Lots of talk about beginnings lately, here and in the ether. A 4th semester student was gathering book recommendations on Facebook of books that dangle a promise in the first chapter. (The suggestions she got were: Holes, The Book Thief, The Wednesday Wars, The Thief, and The Schwa Was Here.)

I’m working on my own beginning. This is the first totally new thing I’ve written for some time; the last two books I’ve written were sequels and I didn’t need to spend too much time introducing the characters or the world. So I’m relearning how to begin a book. And I don’t know what the rules are. Once I was in a writing group and someone detailed for me exactly what a first chapter of a novel should do. I still remember her standing over me saying, “Anne, the first chapter of a book…..” Alas, I don’t remember the rest.
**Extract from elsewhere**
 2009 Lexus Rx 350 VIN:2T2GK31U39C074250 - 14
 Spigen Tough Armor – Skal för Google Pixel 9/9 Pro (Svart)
So, here’s what I think about when I write beginnings:
I want my first chapter to give a strong sense of the main character. I want it to give some idea of what kind of story this will be. I want it to introduce the characters and story through active scenes. And I want the reader to want to turn the page to see what happens in chapter two.
Pretty simple, right? Am I missing anything?
There’s a huge temptation in a first chapter to have it be an info dump, to use the whole thing to set up the story that’s going to happen in chapter two. We talk about books that begin before the story begins, a kind of prologue where the main character walks to school or lies in bed and thinks about things. I did this on the first draft of my first novel, in which there’s a chemical spill in a small town. I placed all the characters in a bookstore cafe and introduced them leisurely as they drank their coffee and didn’t do much, until the last line of the chapter when the sirens go off. My brother read it and said, “Start with the spill.” He was right, and it’s the best advice on beginnings I ever got.
On another note, I heard a reading a year ago of one of the most gripping first chapters I’ve ever encountered. The book it belonged to is City of Cannibals, by Ricki Thompson, a beloved Hamline graduate assistant, and it’s just come out. Anita Silvey called it one of the best pieces of historical fiction she’d ever read–there’s an epigraph for you.